Читаем Это критика полностью

        М.Э.: Насколько корректна позиция критика детективов, работающего одновременно как писатель на том же участке литературного поля, то есть находящегося внутри обозреваемой ситуации и пишущего рецензии не только на себя (Гурский), но и на предполагаемых конкурентов (Акунин)? Не кажется ли такая игра вам этически двусмысленной?

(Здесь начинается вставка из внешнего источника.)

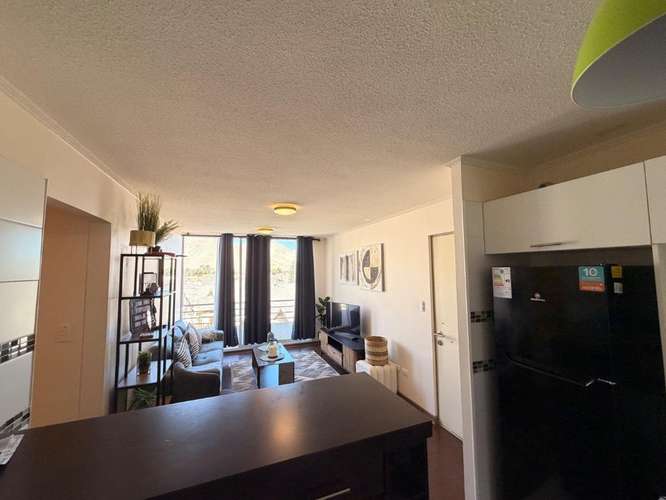 Departamento amueblado - Imagen 4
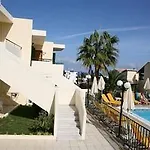 Eurohotel Katrin (adults Only) מלון 4*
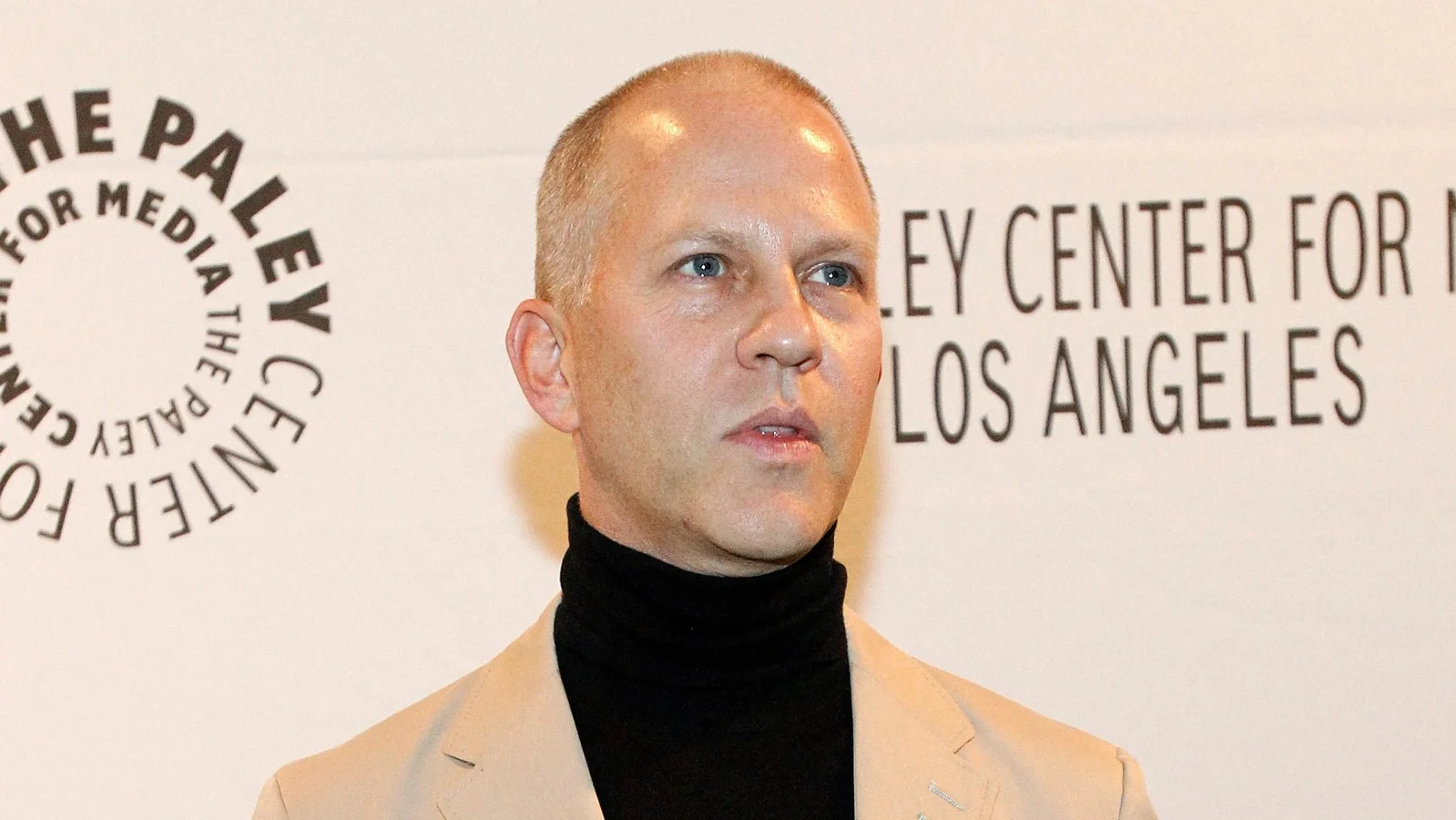 Ryan Murphy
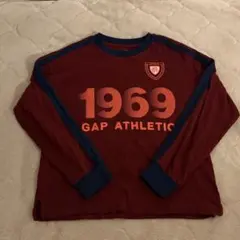 GAPkids Tシャツ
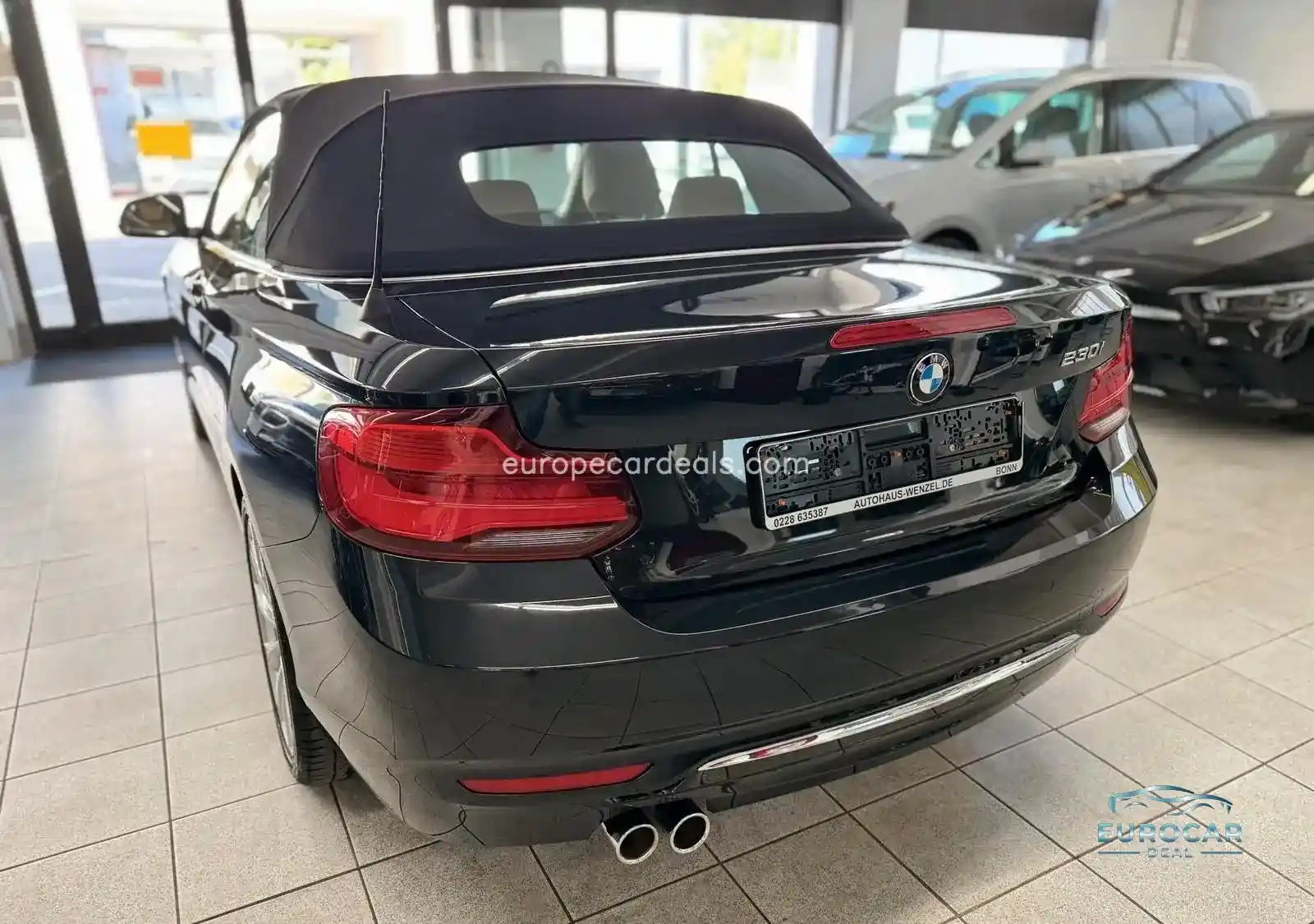 BMW 230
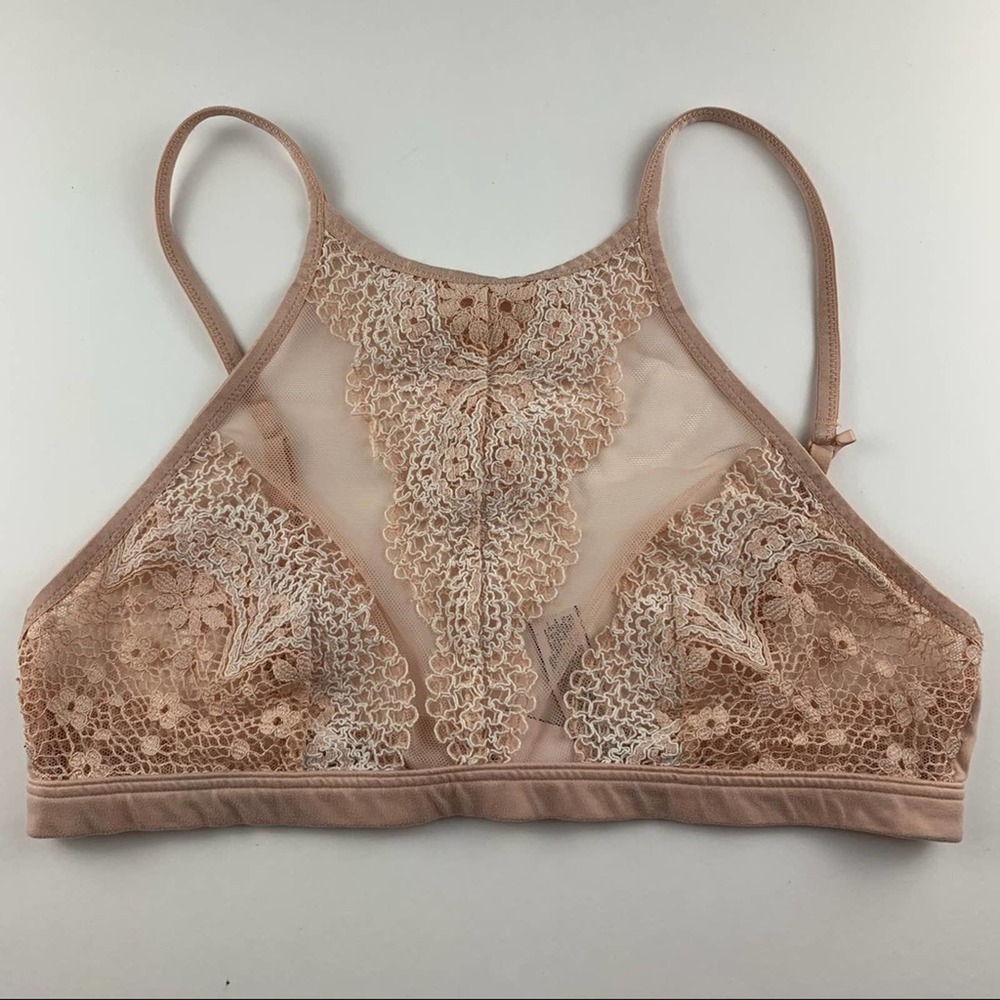 Victoria’s Secret Bralette Small #5892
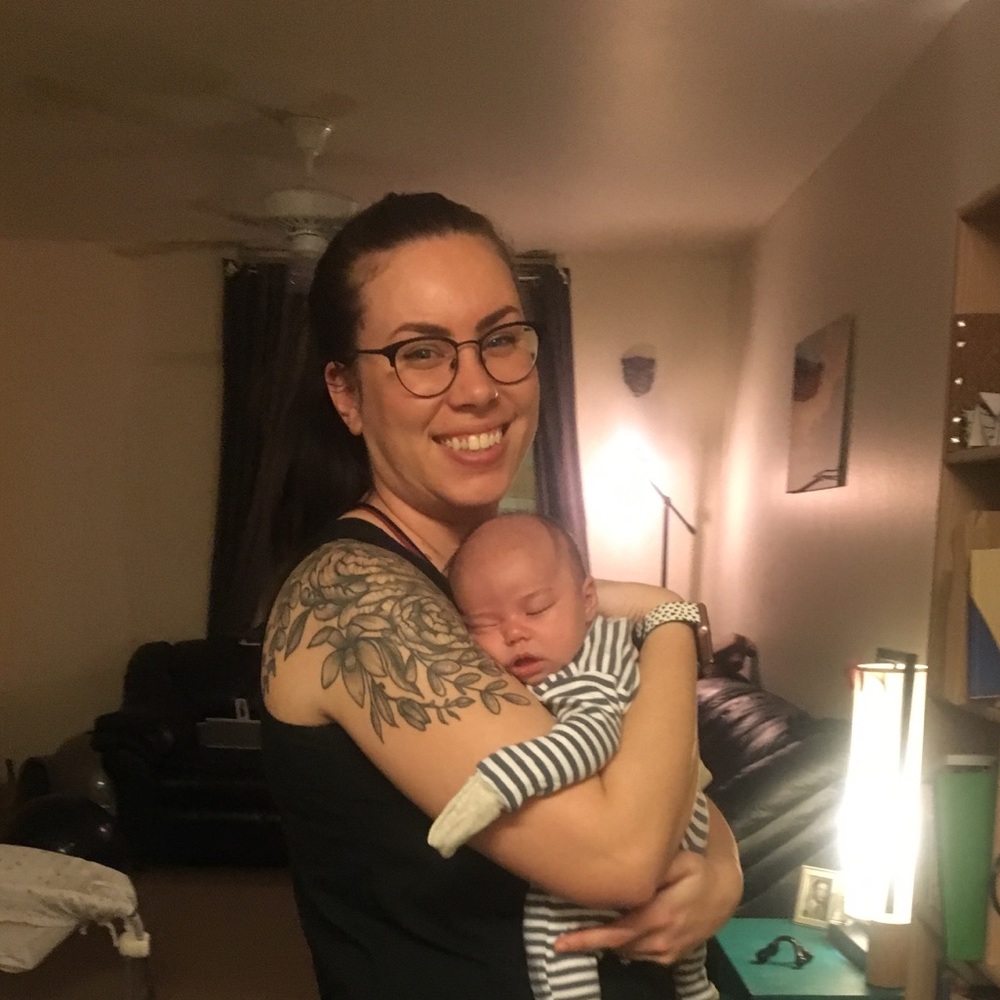 Meet your Posher, Jessie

        Р.А.: Давайте разделим поставленную вами проблему на общую и частную. Сперва об общем. Имеет ли право критик пробовать себя в писательстве и оставаться при этом критиком? Безусловно, имеет. Ведь нелепо полагать, что с того момента, как обратились к прозе, например, Виктор Ерофеев, Владимир Новиков, Ольга Славникова, Вячеслав Курицын, Сергей Кузнецов и др., вышеназванные коллеги начали рассматривать всех прочих прозаиков как конкурентов. Или Юрий Тынянов (если взять более отдаленные времена) должен был "мочить" окружающих его романистов? И его отзыв о толстовской "Аэлите" ("Марс скучен, как Марсово поле..." и т.д.) был продиктован элементарной завистью к "красному графу"? Нелепица, реникса. Другое дело, что критику - если он не страдает чрезмерным тщеславием - вполне по силам и средствам разделить (хотя бы формально, на уровне псевдонима, литературной маски) две своих ипостаси. Так мы плавно переходим к нашему частному случаю.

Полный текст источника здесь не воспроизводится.